▶ _EXERCISE INSTRUCTIONS_:
Your answer should be an exact copy of all the entries, free of pictures.

*** Opening RECORDS SUPPLIED ***

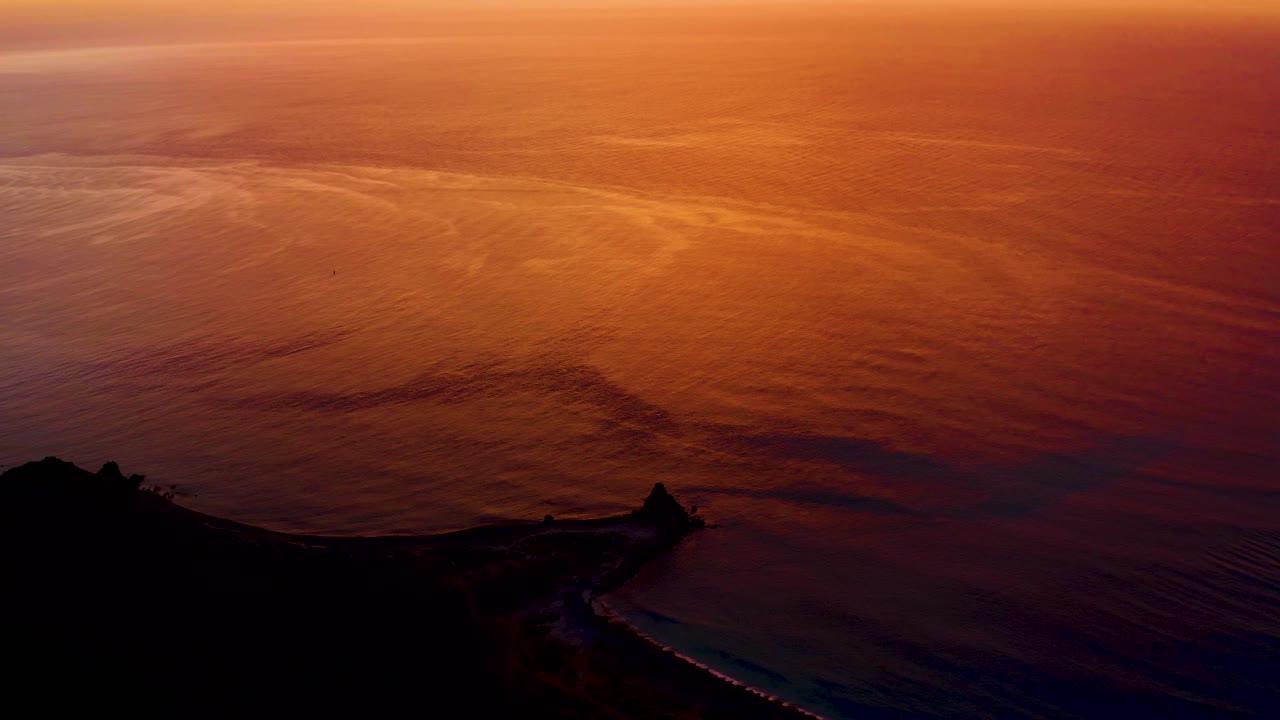 At 0:01, the orange reflection covers more of the visible ocean surface while the Cabo Pulmo coastline remains a dark shape along the bottom with no visible people.
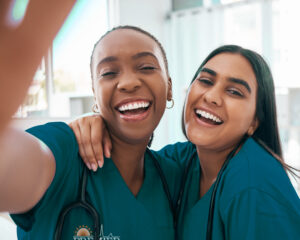 two happy dental techs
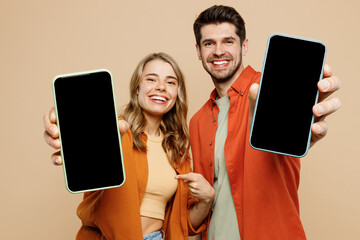 Young smiling couple two friend family man woman wear casual clothes hold in hand use showing close up mobile cell phone with blank screen workspace area together isolated on plain beige background. - Powered by Adobe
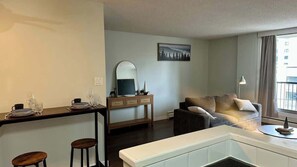 A modern living room with a sofa, a coffee table, a dining area with a table and chairs, and a large window with a view. - Urban Downtown Condo with Panoramic Views (Calgary)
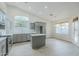 Bright kitchen featuring gray cabinets, stainless steel appliances, and a kitchen island at 1584 E Harrison E St, Chandler, AZ 85225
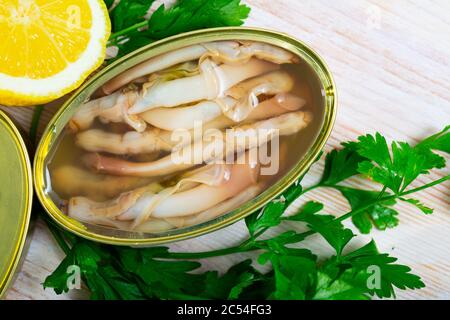 Meeresfrüchte. Salzwasserkonserven ensis in offener Blechdose auf Holztisch mit Zitrone und Grünpflanzen Stockfoto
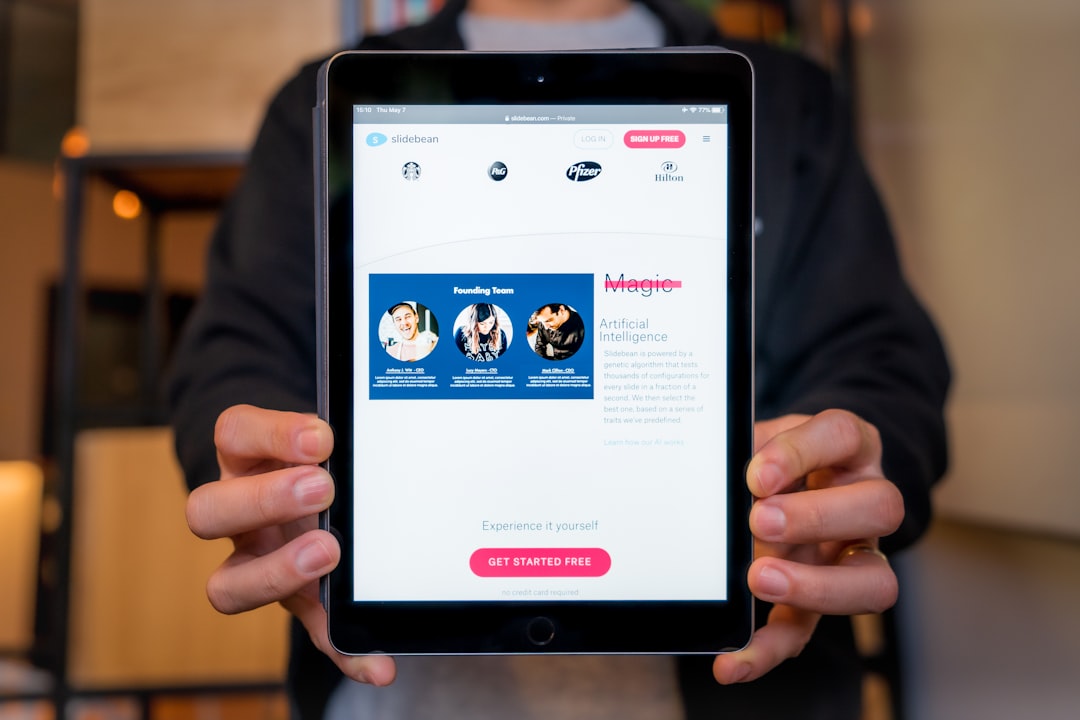 Person holds a tablet displaying a Slidebean landing page with a blue founding team image and a pink 'Get Started Free' button on screen.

*** Closing RECORDS SUPPLIED ***

▶ _WRITTEN RESPONSE_:
 At 0:01, the orange reflection covers more of the visible ocean surface while the Cabo Pulmo coastline remains a dark shape along the bottom with no visible people.
 two happy dental techs
 Young smiling couple two friend family man woman wear casual clothes hold in hand use showing close up mobile cell phone with blank screen workspace area together isolated on plain beige background. - Powered by Adobe
 A modern living room with a sofa, a coffee table, a dining area with a table and chairs, and a large window with a view. - Urban Downtown Condo with Panoramic Views (Calgary)
 Bright kitchen featuring gray cabinets, stainless steel appliances, and a kitchen island at 1584 E Harrison E St, Chandler, AZ 85225
 Meeresfrüchte. Salzwasserkonserven ensis in offener Blechdose auf Holztisch mit Zitrone und Grünpflanzen Stockfoto
 Person holds a tablet displaying a Slidebean landing page with a blue founding team image and a pink 'Get Started Free' button on screen.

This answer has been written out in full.